Galetin: Dairy cattle in a serious crisis
Agroeconomic analyst Žarko Galetin explains that levies are taxes, i.e. the difference between the lower import price and the domestic price, which is covered according to a precisely determined methodology.
He believes that it is good that they were introduced, but that the European Commission should have been given a reason for it before that. He points out that all this is of a short-term nature and that we can’t even keep the fee forever.
“It’s good that levies were introduced, they somewhat protected domestic milk producers from disloyal imports, and that was resolved ad hoc. But, in the long term, one must sit down and have a serious discussion with producers, the profession, genetic centers, how to systematically solve milk production , that is, dairy cattle breeding, which is currently in a serious crisis,” Galetin points out.
He says that when it comes to buyback, it depends on the producer and that some of them are satisfied, while some spill the milk for several days in a row.
“All the measures that have been adopted as they were adopted have taken a step forward towards improving the situation in dairy cattle and increasing the premium from 10 to 15 dinars, although 20 dinars was requested.
The subsidy for a dairy cow was increased from 25,000 to 30,000 dinars, although it was requested 40,000 dinars. Every measure that contributes as much as possible to the status of our producers is basically good.

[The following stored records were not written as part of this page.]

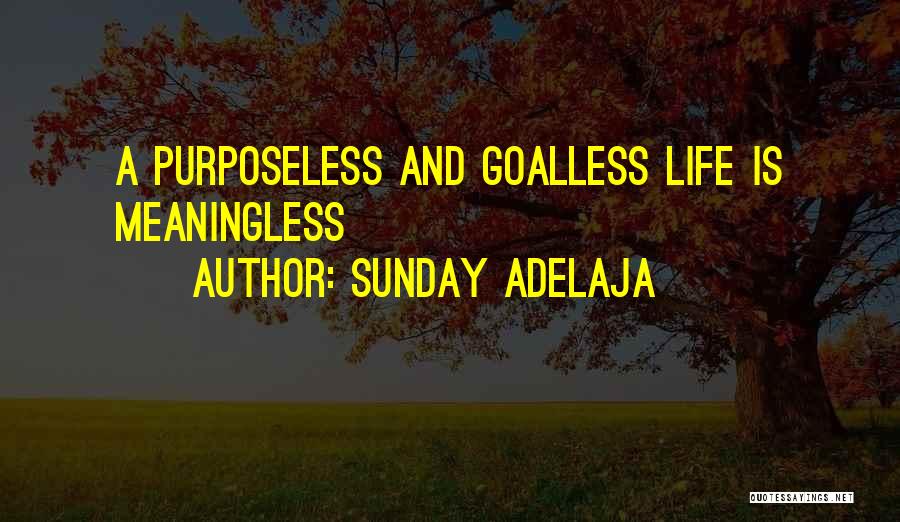 A Meaningless Life Quotes By Sunday Adelaja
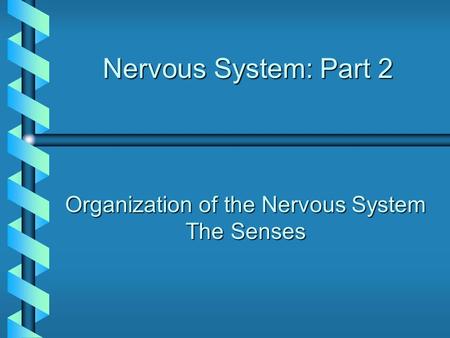 Nervous System: Part 2 Organization of the Nervous System The Senses.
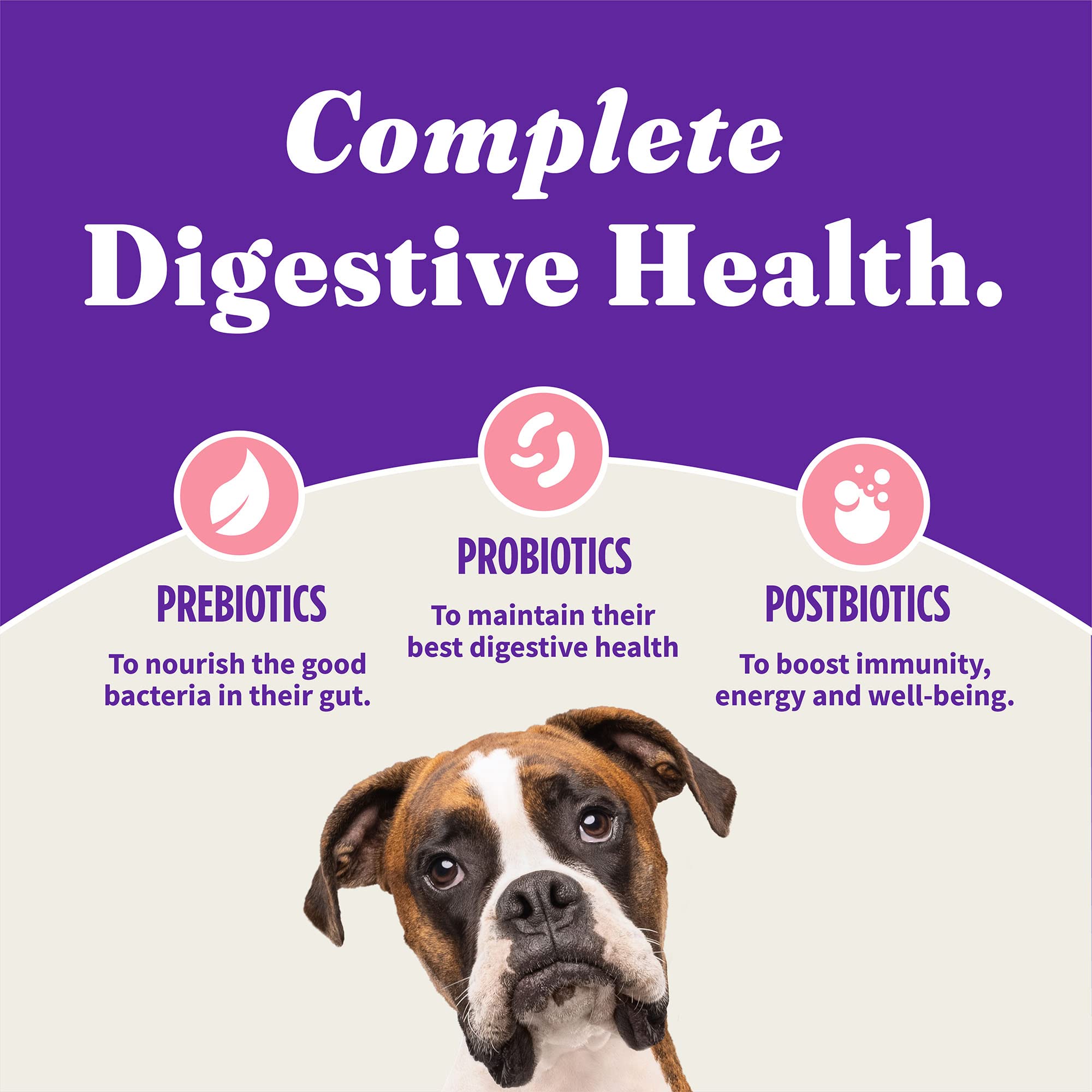 Halo Holistic serving dish with kibble suggests easy daily feeding for adult dogs.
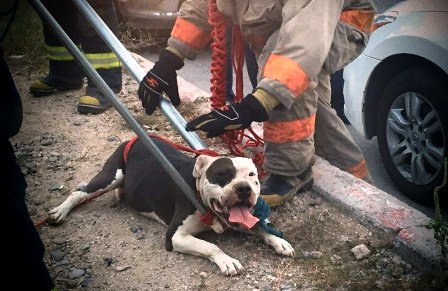 Perro pitbull mata a presunto ladrón en Sonora - CU6JvrtWEAEIRcJ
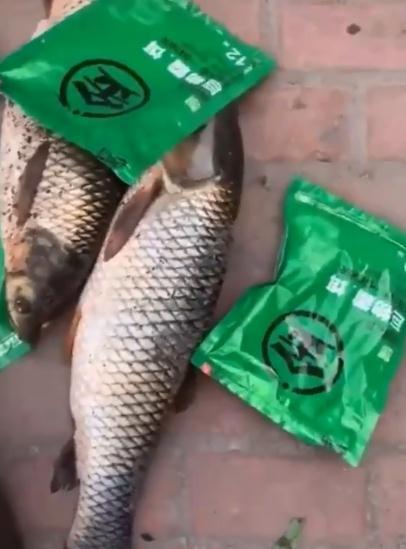 杆子断了就去配节啊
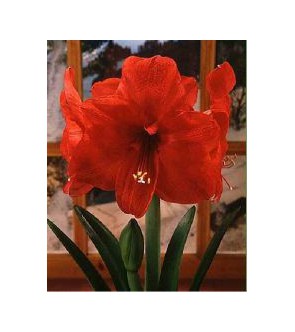 Amaryllis Red Lion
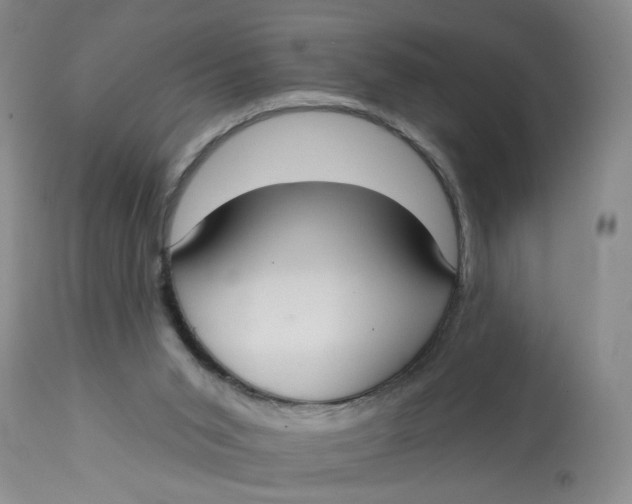 X0000113180015200909251453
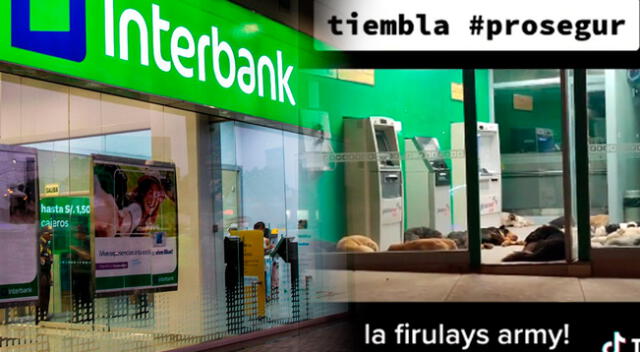 Interbank: perros van a dormir en el banco.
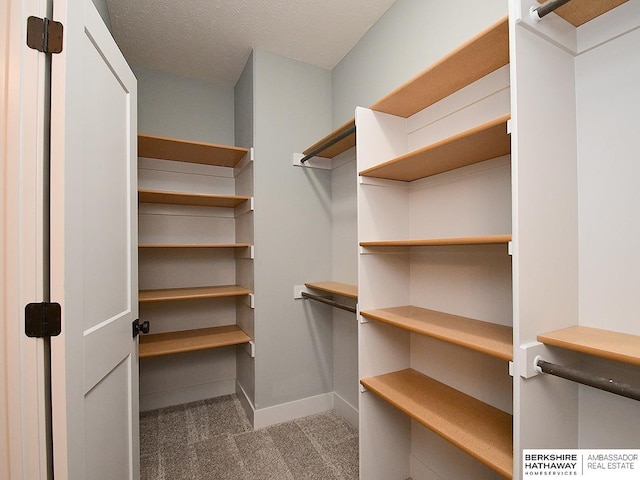 10309 S 102nd St, Papillion, NE 68046 - walk in closet with carpet flooring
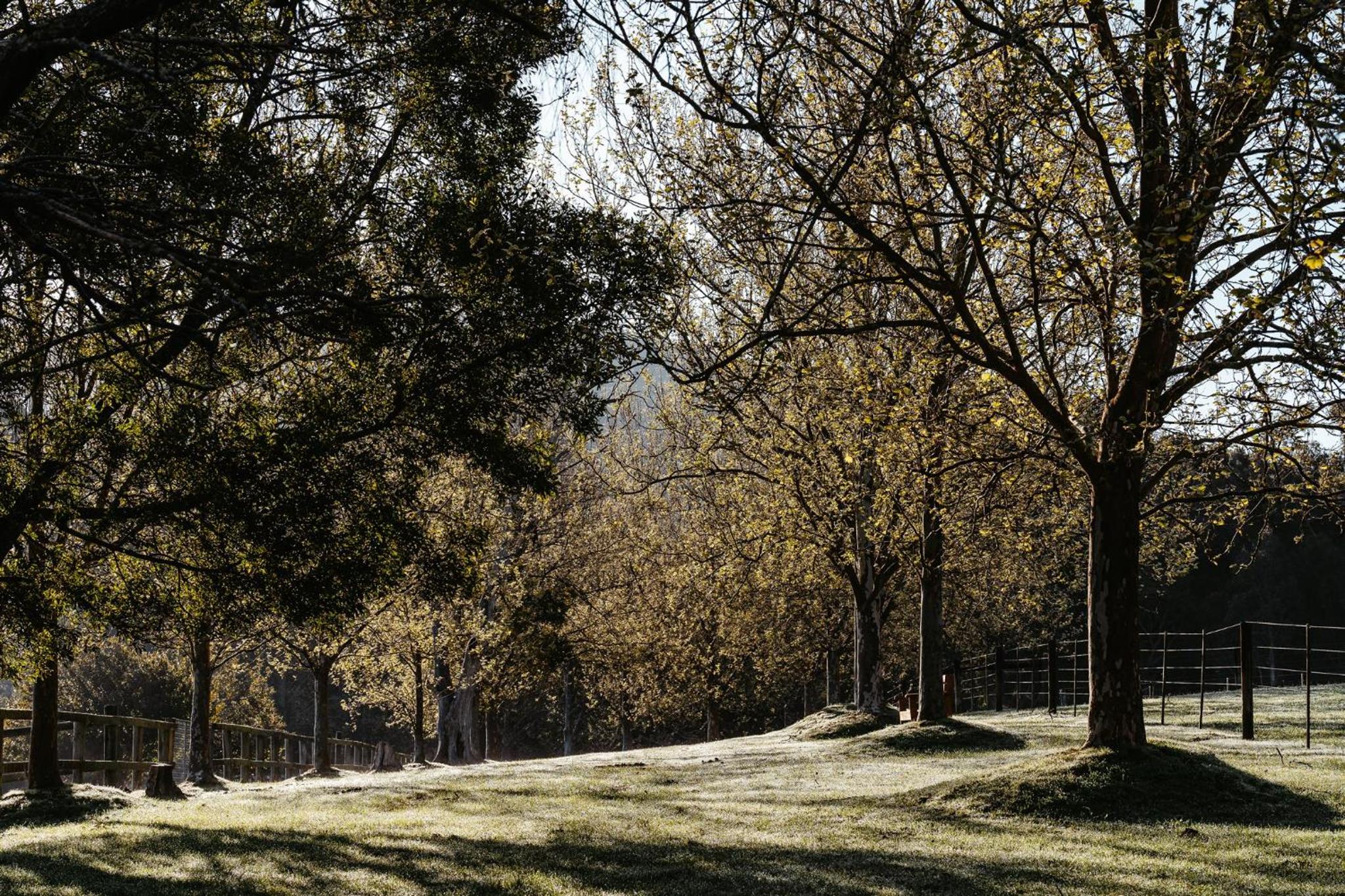Kangaroo Manor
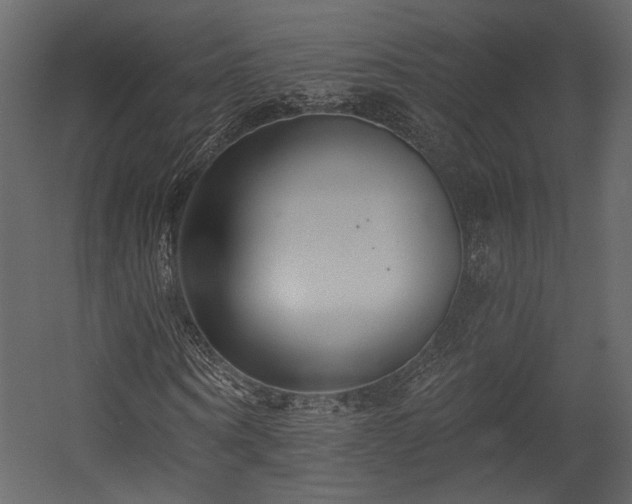 X0000054380866200508011251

It could have been more and better, but I think the most important thing now is to extinguish the acute fire,” Galetin believes.
He points out that, since the state can no longer impose and determine the lowest purchase price for milk, the only instrument we have at the moment to solve this problem is for the Republican Directorate for Commodity Reserves to intervene.
“Nowadays, when you produce milk, it cannot last long and if it is not sold, the milk is literally unusable. That is why I think that a transparent and clear role is needed for the Directorate for Commodity Reserves, scientific research centers, producers and the state to make a proper schedule of subsidies and we should consider whether the premium should also go through the buyer,” Galetin said.
He stated that the synchronized system implies a solution that will result in the fact that today we do not have between 180,000 and 200,000 dairy cows, because he believes that this is absolutely unacceptable.
“That number of dairy cows puts us in a problem as to whether we will even manage to close the domestic balance of milk production,” Galetin points out.